**Work instructions:** Word for word, set down every line of the entries below from the line with "Deluxe, Tent" to the line with "-Urheberrechtlich geschützt! Honoriert", including both, and no other line.

+---+

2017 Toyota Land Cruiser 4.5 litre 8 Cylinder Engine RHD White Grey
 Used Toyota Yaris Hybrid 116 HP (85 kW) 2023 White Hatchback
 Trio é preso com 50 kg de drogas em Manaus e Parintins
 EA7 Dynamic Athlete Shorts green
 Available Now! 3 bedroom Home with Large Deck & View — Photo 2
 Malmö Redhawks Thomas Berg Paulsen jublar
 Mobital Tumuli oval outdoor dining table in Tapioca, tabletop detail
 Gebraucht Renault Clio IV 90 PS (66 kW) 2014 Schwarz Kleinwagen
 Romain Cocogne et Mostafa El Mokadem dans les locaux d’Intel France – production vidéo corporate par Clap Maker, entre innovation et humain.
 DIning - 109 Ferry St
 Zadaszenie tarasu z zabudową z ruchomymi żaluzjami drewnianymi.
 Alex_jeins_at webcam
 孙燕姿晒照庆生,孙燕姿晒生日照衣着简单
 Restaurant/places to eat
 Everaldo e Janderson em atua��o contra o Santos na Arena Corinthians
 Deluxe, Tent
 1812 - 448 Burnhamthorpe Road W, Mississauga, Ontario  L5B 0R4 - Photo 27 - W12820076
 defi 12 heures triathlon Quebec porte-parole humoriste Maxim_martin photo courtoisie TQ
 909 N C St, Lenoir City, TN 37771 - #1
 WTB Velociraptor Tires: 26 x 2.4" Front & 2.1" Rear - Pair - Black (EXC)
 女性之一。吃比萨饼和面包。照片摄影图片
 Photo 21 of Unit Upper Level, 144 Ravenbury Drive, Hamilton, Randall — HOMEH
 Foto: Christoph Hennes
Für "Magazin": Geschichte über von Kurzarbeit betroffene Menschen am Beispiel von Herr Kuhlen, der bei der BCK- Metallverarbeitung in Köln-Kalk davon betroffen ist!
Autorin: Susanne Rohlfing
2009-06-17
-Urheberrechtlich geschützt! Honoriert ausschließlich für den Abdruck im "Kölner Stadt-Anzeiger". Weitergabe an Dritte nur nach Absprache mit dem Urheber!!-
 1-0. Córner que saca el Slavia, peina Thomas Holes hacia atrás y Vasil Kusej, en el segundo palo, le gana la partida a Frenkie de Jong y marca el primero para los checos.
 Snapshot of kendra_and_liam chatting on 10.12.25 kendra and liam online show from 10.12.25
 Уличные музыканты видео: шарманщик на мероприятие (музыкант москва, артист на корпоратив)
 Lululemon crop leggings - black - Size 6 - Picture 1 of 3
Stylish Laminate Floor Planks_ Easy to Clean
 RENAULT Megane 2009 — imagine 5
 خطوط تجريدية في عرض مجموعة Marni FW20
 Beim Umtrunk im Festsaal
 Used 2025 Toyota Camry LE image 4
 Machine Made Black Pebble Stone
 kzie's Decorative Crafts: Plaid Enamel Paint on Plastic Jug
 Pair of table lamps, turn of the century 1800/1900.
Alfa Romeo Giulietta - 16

+---+

**Problem solution:**
 Deluxe, Tent
 1812 - 448 Burnhamthorpe Road W, Mississauga, Ontario  L5B 0R4 - Photo 27 - W12820076
 defi 12 heures triathlon Quebec porte-parole humoriste Maxim_martin photo courtoisie TQ
 909 N C St, Lenoir City, TN 37771 - #1
 WTB Velociraptor Tires: 26 x 2.4" Front & 2.1" Rear - Pair - Black (EXC)
 女性之一。吃比萨饼和面包。照片摄影图片
 Photo 21 of Unit Upper Level, 144 Ravenbury Drive, Hamilton, Randall — HOMEH
 Foto: Christoph Hennes
Für "Magazin": Geschichte über von Kurzarbeit betroffene Menschen am Beispiel von Herr Kuhlen, der bei der BCK- Metallverarbeitung in Köln-Kalk davon betroffen ist!
Autorin: Susanne Rohlfing
2009-06-17
-Urheberrechtlich geschützt! Honoriert ausschließlich für den Abdruck im "Kölner Stadt-Anzeiger". Weitergabe an Dritte nur nach Absprache mit dem Urheber!!-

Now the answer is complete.